Output exactly, and only, the lines below from the one with "Sorel Boots Joan" down to the one with "5TEGN92N71Z807890 2001 Toyota". Include both end lines and no pictures.

┌─ DATA FOR PROCESSING

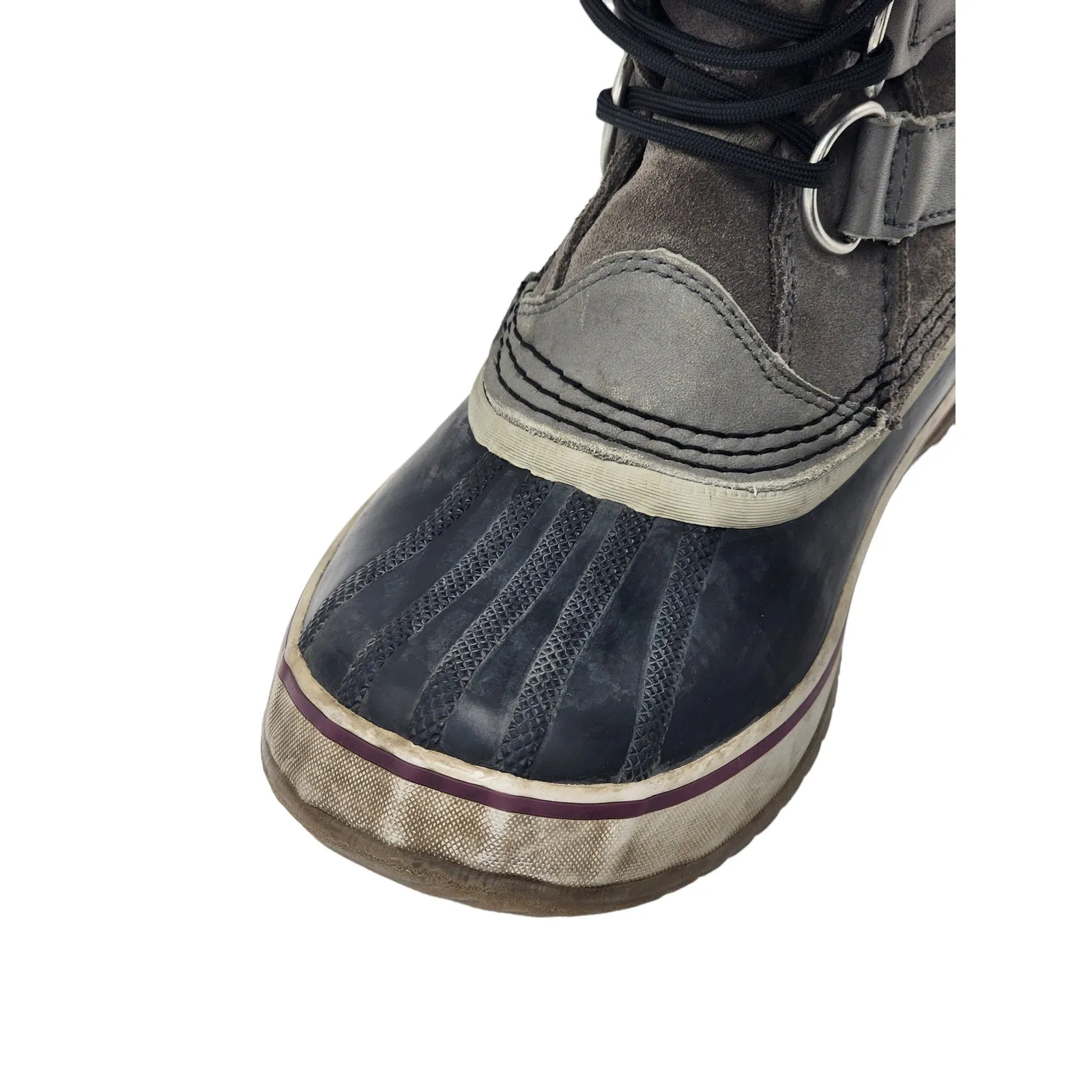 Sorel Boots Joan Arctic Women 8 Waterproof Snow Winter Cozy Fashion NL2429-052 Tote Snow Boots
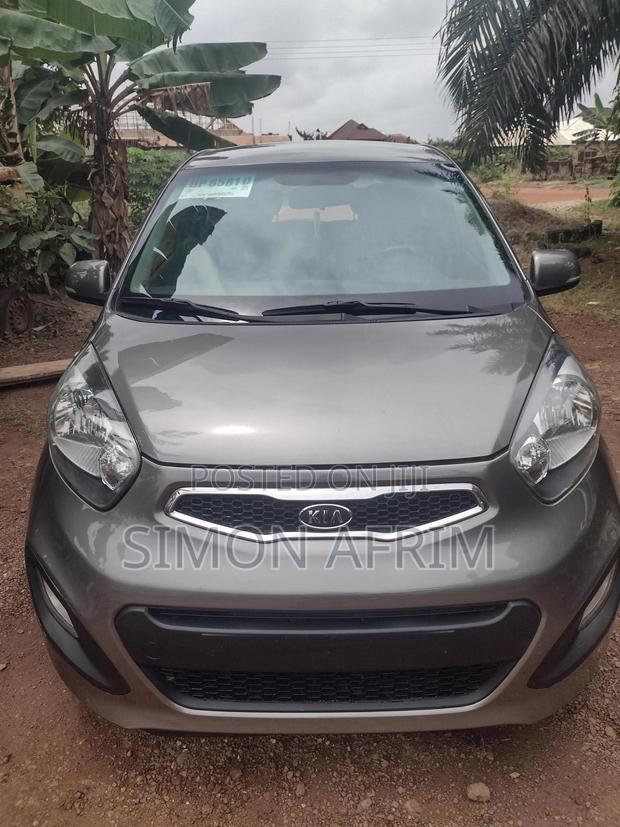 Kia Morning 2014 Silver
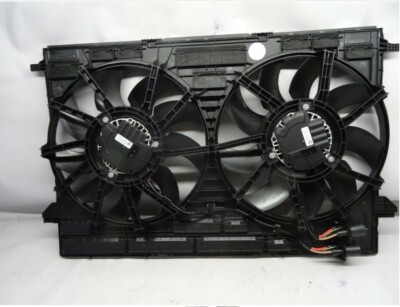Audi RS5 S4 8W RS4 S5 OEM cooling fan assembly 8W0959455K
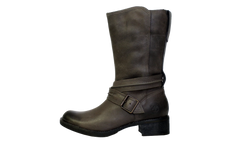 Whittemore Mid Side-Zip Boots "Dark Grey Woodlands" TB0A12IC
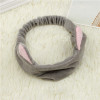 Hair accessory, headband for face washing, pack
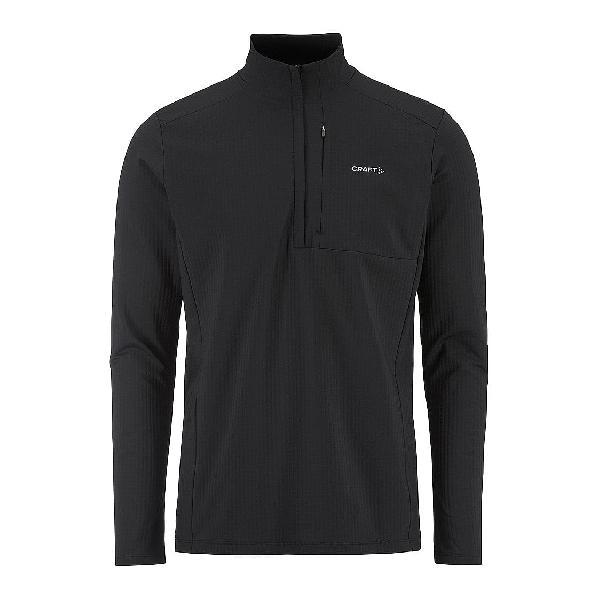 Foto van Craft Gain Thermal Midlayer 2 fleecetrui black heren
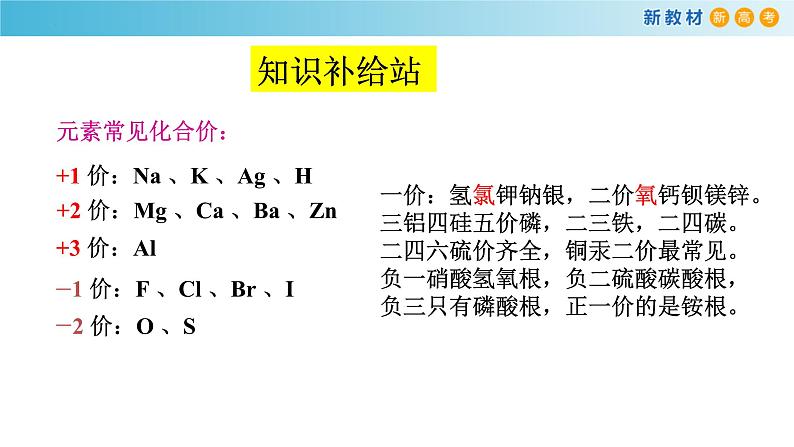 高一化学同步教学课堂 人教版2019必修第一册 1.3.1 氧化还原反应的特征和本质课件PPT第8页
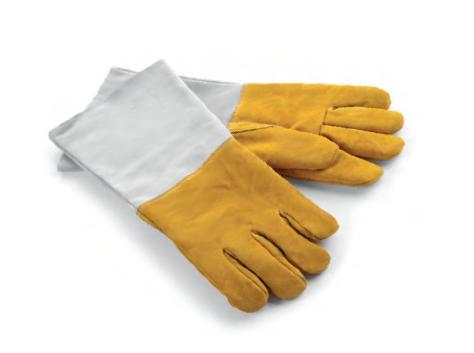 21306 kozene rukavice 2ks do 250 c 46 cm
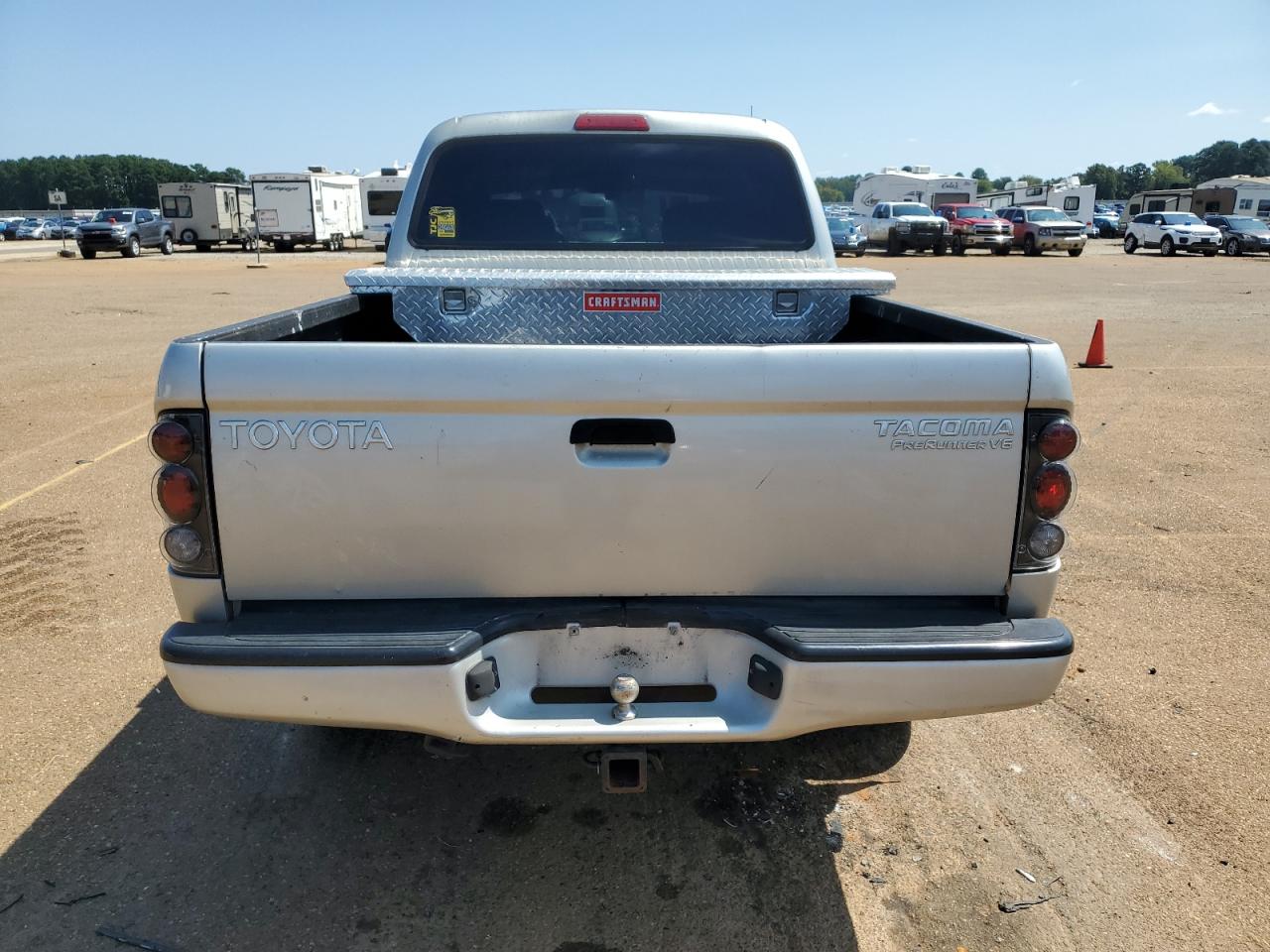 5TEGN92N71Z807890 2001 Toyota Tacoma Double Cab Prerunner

└─
┌─ DATA FOR PROCESSING

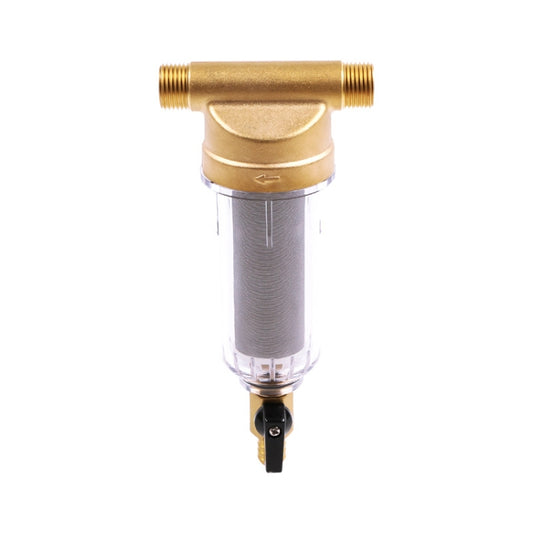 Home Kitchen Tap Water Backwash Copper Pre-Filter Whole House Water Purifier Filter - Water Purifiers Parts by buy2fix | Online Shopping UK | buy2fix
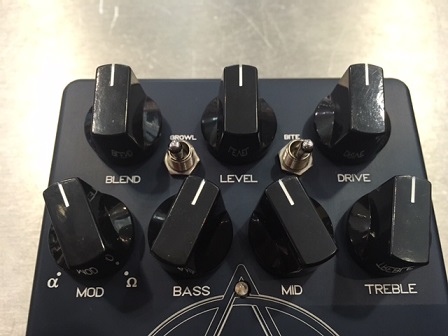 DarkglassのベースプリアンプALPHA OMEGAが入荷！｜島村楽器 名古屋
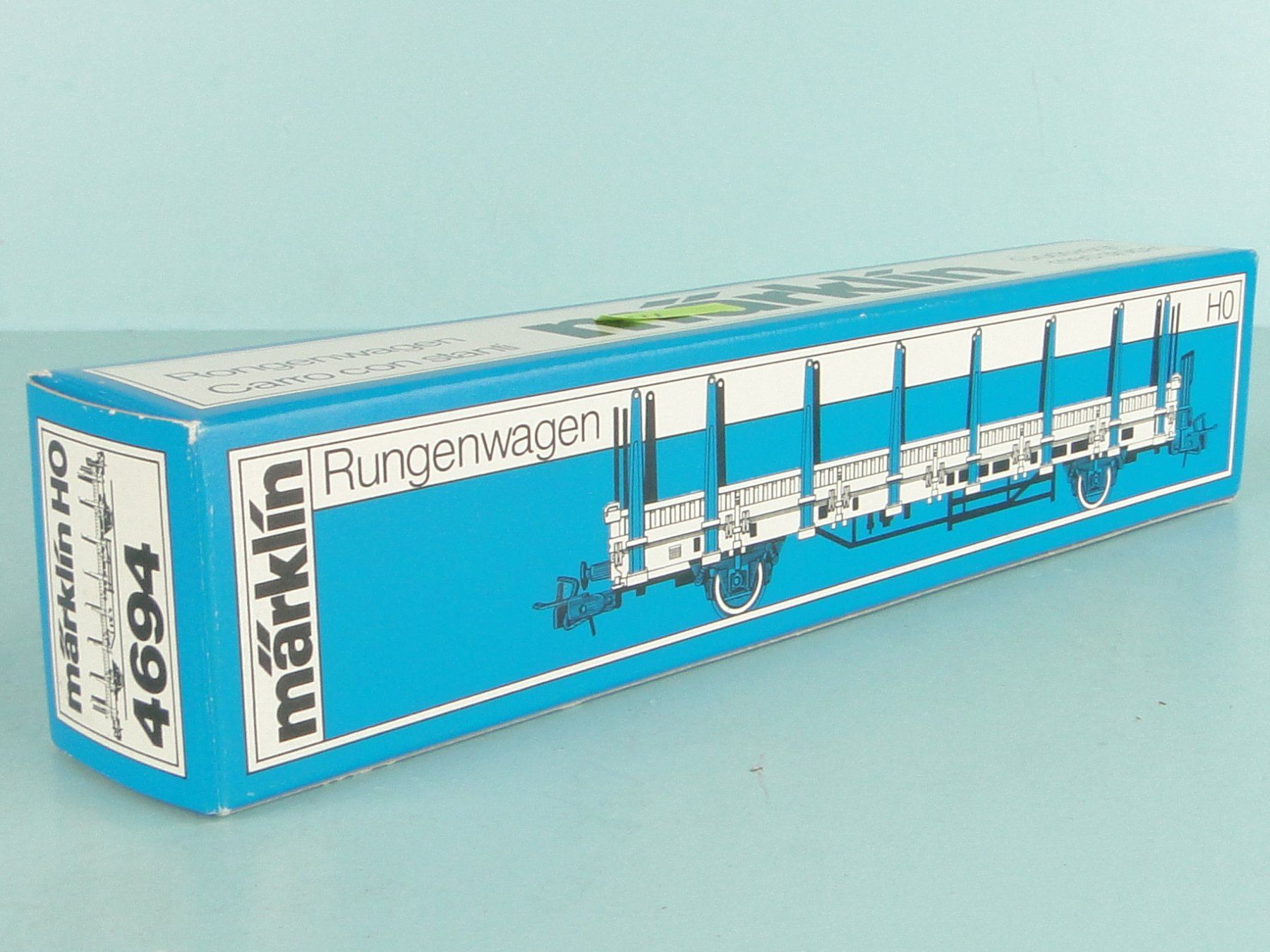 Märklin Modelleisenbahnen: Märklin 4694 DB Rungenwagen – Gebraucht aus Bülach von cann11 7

└─

REPLY TO THE TASK
 Sorel Boots Joan Arctic Women 8 Waterproof Snow Winter Cozy Fashion NL2429-052 Tote Snow Boots
 Kia Morning 2014 Silver
Audi RS5 S4 8W RS4 S5 OEM cooling fan assembly 8W0959455K
 Whittemore Mid Side-Zip Boots "Dark Grey Woodlands" TB0A12IC
 Hair accessory, headband for face washing, pack
 Foto van Craft Gain Thermal Midlayer 2 fleecetrui black heren
 高一化学同步教学课堂 人教版2019必修第一册 1.3.1 氧化还原反应的特征和本质课件PPT第8页
 21306 kozene rukavice 2ks do 250 c 46 cm
 5TEGN92N71Z807890 2001 Toyota Tacoma Double Cab Prerunner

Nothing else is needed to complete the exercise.